→ **Task**: Below this line is a set of entries; quote exactly the lines from the line that contains "Shower Mat Non" to the line that contains "VT license plate NRK920", both lines included.

→ **Exercise input**:
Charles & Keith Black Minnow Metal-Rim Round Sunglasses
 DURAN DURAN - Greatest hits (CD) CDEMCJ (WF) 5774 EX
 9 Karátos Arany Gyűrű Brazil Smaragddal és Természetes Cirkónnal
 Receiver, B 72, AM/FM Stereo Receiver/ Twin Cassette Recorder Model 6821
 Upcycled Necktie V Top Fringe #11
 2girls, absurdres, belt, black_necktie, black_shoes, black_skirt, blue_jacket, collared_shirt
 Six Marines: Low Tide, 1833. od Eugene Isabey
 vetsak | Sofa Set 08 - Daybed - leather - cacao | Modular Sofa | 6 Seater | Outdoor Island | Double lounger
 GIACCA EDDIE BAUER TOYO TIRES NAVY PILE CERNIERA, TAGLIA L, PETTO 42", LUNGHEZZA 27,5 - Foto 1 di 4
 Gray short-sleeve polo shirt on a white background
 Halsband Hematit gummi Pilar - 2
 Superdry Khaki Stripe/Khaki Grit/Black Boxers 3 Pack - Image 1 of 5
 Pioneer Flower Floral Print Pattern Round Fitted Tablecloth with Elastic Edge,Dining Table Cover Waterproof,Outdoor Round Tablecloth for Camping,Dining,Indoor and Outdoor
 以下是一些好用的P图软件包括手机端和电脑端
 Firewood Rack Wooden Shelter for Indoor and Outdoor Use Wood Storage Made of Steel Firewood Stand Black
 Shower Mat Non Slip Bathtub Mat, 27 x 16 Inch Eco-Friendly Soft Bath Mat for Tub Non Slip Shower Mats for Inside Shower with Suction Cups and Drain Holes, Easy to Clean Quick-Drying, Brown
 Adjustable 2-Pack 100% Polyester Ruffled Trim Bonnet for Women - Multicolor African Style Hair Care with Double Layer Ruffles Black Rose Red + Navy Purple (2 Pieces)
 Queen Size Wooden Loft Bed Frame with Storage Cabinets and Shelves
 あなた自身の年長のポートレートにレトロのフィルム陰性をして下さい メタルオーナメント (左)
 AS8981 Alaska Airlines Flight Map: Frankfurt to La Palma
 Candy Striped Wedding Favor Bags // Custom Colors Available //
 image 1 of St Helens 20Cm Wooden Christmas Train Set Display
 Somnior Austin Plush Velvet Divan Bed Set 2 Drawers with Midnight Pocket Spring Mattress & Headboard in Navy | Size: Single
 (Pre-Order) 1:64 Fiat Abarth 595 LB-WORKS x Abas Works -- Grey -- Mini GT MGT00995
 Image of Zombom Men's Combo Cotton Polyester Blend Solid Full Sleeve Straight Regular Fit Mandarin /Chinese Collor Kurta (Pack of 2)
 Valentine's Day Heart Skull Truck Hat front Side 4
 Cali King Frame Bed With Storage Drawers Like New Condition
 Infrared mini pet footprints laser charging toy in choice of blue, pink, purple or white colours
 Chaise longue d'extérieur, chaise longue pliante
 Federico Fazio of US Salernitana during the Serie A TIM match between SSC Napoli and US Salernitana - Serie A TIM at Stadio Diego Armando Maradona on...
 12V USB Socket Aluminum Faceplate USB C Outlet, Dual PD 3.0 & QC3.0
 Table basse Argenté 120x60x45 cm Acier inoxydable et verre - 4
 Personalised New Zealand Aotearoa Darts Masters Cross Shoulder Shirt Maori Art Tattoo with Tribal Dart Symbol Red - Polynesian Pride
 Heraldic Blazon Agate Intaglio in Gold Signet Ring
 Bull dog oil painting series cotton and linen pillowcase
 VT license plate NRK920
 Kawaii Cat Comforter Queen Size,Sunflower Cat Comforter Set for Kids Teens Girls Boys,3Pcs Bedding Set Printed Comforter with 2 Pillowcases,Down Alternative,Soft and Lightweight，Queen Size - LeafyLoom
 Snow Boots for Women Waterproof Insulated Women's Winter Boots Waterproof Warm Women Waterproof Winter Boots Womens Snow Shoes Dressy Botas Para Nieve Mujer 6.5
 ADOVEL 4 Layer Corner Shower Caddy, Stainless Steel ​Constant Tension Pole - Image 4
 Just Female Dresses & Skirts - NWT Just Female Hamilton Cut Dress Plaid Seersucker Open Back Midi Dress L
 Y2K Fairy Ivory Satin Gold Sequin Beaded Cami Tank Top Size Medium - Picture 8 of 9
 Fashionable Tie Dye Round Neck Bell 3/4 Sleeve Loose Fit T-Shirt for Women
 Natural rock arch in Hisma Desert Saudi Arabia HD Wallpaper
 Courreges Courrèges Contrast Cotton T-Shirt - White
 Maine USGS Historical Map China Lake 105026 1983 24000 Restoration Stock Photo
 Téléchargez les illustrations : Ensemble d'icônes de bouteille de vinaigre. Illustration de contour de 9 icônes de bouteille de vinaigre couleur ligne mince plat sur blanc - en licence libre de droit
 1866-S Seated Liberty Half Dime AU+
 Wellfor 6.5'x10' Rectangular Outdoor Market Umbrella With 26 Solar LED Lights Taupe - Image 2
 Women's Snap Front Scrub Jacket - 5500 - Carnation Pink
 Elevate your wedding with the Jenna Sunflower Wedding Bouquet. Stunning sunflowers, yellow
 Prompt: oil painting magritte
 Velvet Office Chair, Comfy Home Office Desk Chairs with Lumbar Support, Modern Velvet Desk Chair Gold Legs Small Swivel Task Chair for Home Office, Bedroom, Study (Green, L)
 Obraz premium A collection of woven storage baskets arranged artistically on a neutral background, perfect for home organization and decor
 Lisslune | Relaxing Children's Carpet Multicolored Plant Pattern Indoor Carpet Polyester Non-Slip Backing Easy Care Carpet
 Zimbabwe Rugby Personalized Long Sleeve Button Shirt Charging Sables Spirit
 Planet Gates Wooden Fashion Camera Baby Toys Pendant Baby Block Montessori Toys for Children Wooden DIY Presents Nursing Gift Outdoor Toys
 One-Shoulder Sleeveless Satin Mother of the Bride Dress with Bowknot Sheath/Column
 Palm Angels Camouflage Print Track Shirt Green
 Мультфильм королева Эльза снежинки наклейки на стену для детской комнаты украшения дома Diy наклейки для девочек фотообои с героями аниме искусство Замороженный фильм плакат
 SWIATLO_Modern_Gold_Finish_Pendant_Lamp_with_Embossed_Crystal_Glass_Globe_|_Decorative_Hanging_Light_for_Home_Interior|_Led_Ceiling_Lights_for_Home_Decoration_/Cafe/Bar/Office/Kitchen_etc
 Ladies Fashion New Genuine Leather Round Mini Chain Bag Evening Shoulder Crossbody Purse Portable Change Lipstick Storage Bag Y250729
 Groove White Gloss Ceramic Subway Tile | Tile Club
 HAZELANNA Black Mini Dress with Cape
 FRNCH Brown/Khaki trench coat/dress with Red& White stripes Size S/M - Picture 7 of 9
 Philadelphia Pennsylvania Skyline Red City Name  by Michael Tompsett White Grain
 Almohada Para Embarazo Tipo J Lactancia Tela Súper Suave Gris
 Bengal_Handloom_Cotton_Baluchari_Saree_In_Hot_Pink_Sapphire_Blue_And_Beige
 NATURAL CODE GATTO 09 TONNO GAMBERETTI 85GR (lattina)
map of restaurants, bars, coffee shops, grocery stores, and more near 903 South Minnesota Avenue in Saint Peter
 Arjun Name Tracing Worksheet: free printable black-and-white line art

→ **Result of this exercise**:
 Shower Mat Non Slip Bathtub Mat, 27 x 16 Inch Eco-Friendly Soft Bath Mat for Tub Non Slip Shower Mats for Inside Shower with Suction Cups and Drain Holes, Easy to Clean Quick-Drying, Brown
 Adjustable 2-Pack 100% Polyester Ruffled Trim Bonnet for Women - Multicolor African Style Hair Care with Double Layer Ruffles Black Rose Red + Navy Purple (2 Pieces)
 Queen Size Wooden Loft Bed Frame with Storage Cabinets and Shelves
 あなた自身の年長のポートレートにレトロのフィルム陰性をして下さい メタルオーナメント (左)
 AS8981 Alaska Airlines Flight Map: Frankfurt to La Palma
 Candy Striped Wedding Favor Bags // Custom Colors Available //
 image 1 of St Helens 20Cm Wooden Christmas Train Set Display
 Somnior Austin Plush Velvet Divan Bed Set 2 Drawers with Midnight Pocket Spring Mattress & Headboard in Navy | Size: Single
 (Pre-Order) 1:64 Fiat Abarth 595 LB-WORKS x Abas Works -- Grey -- Mini GT MGT00995
 Image of Zombom Men's Combo Cotton Polyester Blend Solid Full Sleeve Straight Regular Fit Mandarin /Chinese Collor Kurta (Pack of 2)
 Valentine's Day Heart Skull Truck Hat front Side 4
 Cali King Frame Bed With Storage Drawers Like New Condition
 Infrared mini pet footprints laser charging toy in choice of blue, pink, purple or white colours
 Chaise longue d'extérieur, chaise longue pliante
 Federico Fazio of US Salernitana during the Serie A TIM match between SSC Napoli and US Salernitana - Serie A TIM at Stadio Diego Armando Maradona on...
 12V USB Socket Aluminum Faceplate USB C Outlet, Dual PD 3.0 & QC3.0
 Table basse Argenté 120x60x45 cm Acier inoxydable et verre - 4
 Personalised New Zealand Aotearoa Darts Masters Cross Shoulder Shirt Maori Art Tattoo with Tribal Dart Symbol Red - Polynesian Pride
 Heraldic Blazon Agate Intaglio in Gold Signet Ring
 Bull dog oil painting series cotton and linen pillowcase
 VT license plate NRK920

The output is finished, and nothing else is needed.